▸ WHAT THE TASK REQUIRES: Exactly reproduce the lines of the listing below from the one containing "Lote grande de" through the one containing "V Samom Tsentre Flat". Skip the images.

▸ AVAILABLE RECORDS:
Segment Open

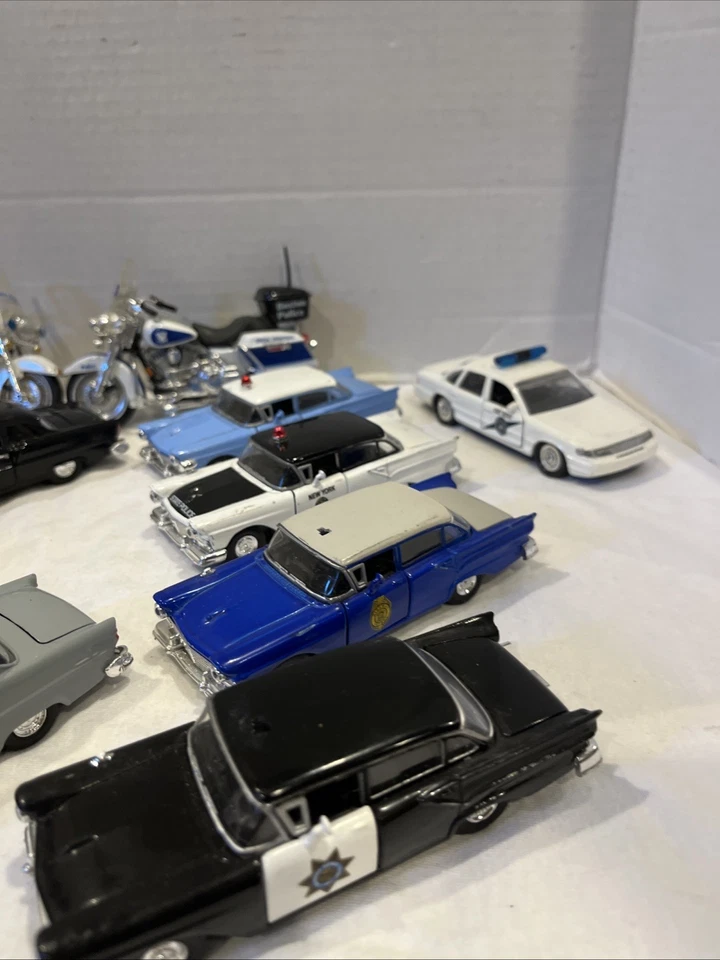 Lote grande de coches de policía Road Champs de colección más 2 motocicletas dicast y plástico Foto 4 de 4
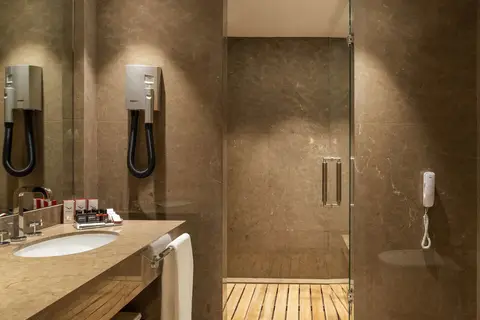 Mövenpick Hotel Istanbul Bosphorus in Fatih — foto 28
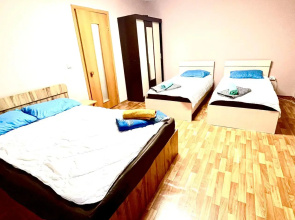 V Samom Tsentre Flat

Segment Closed
Segment Open

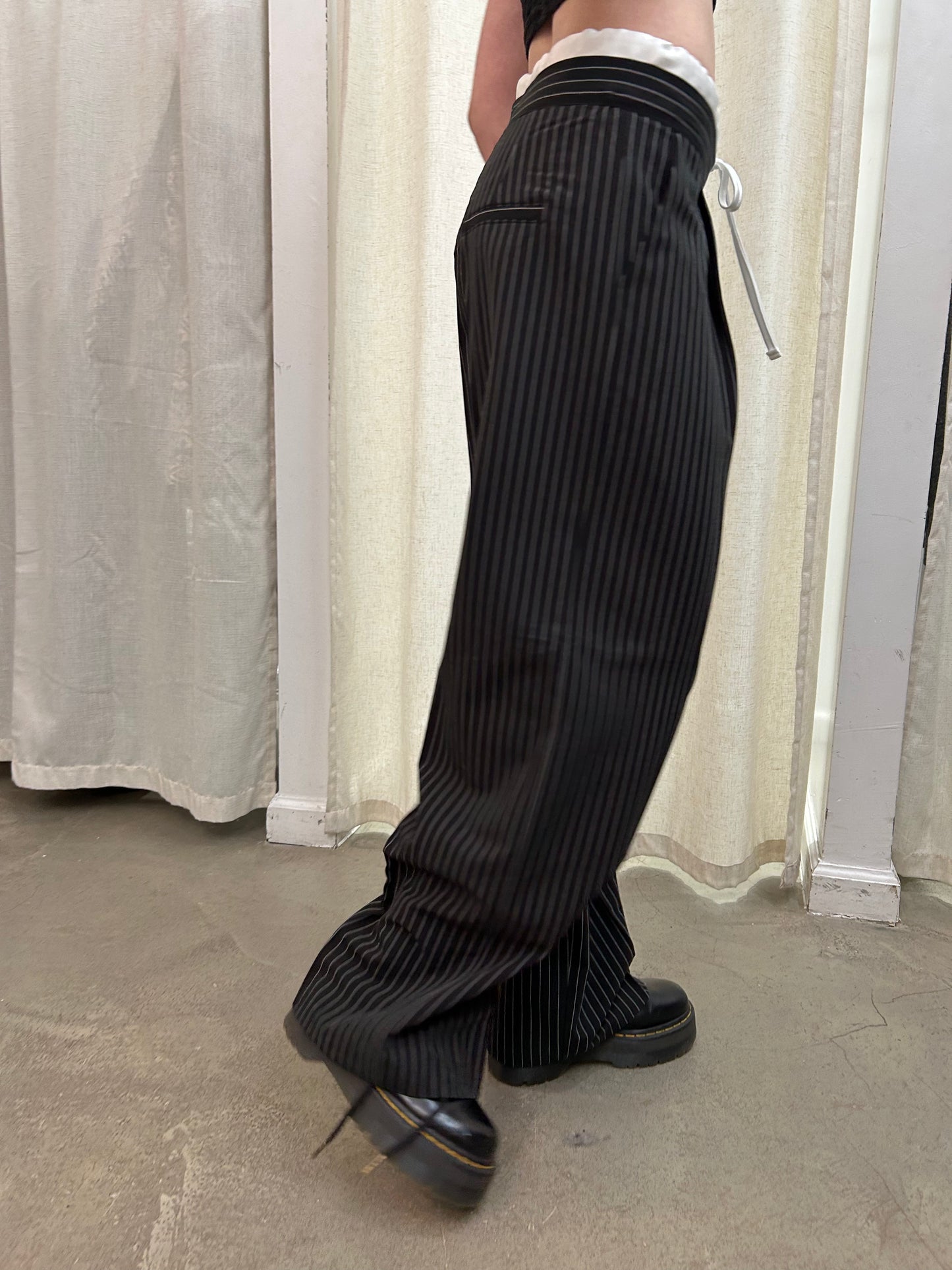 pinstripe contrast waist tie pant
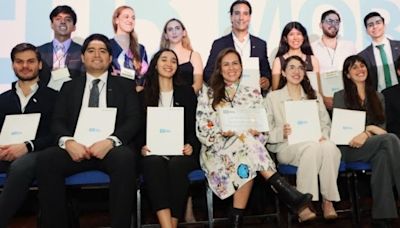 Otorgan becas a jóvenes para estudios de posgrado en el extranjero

Segment Closed
Segment Open

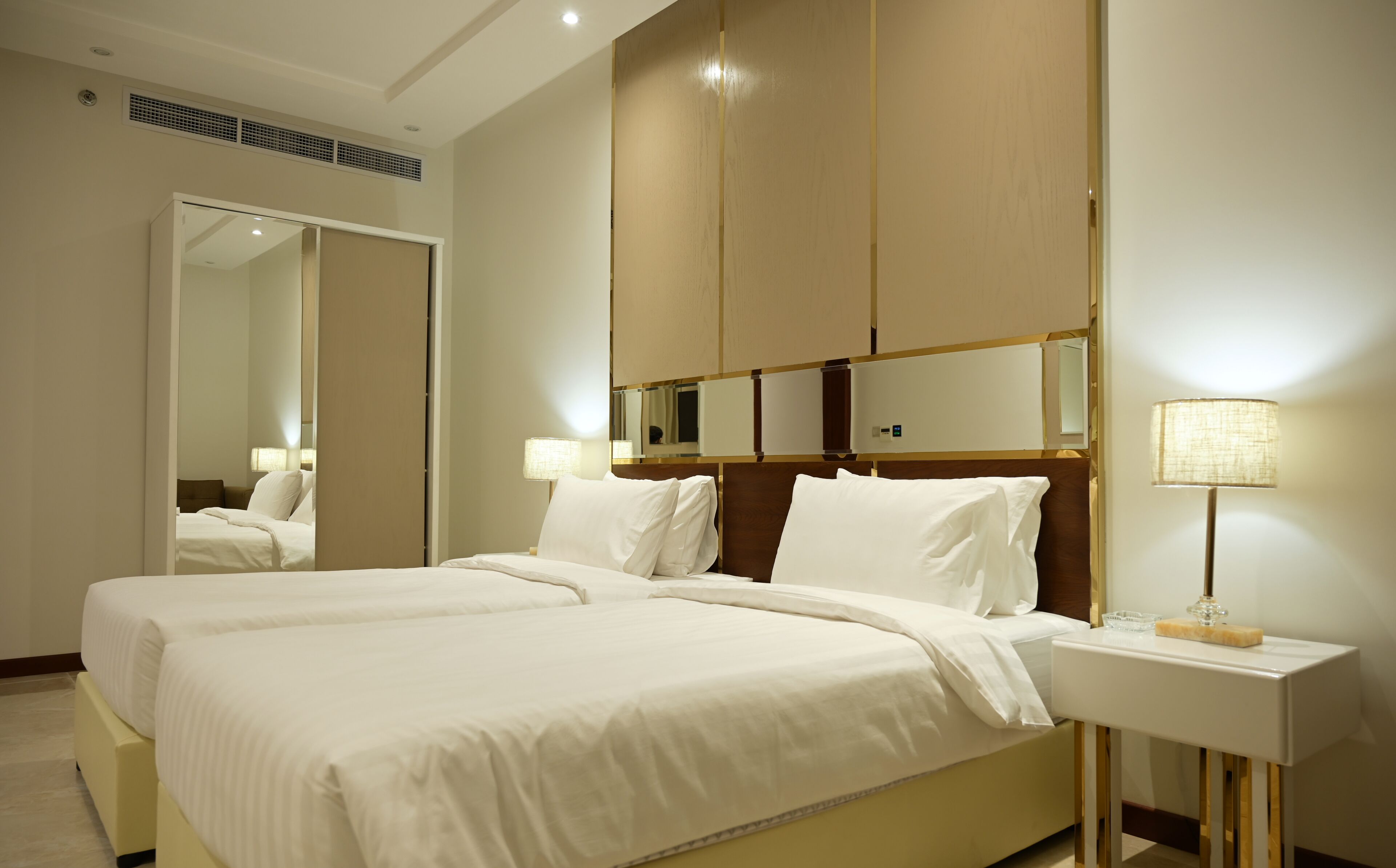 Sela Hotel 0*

Segment Closed

▸ SOLUTION BELOW:
 Lote grande de coches de policía Road Champs de colección más 2 motocicletas dicast y plástico Foto 4 de 4
 Mövenpick Hotel Istanbul Bosphorus in Fatih — foto 28
 V Samom Tsentre Flat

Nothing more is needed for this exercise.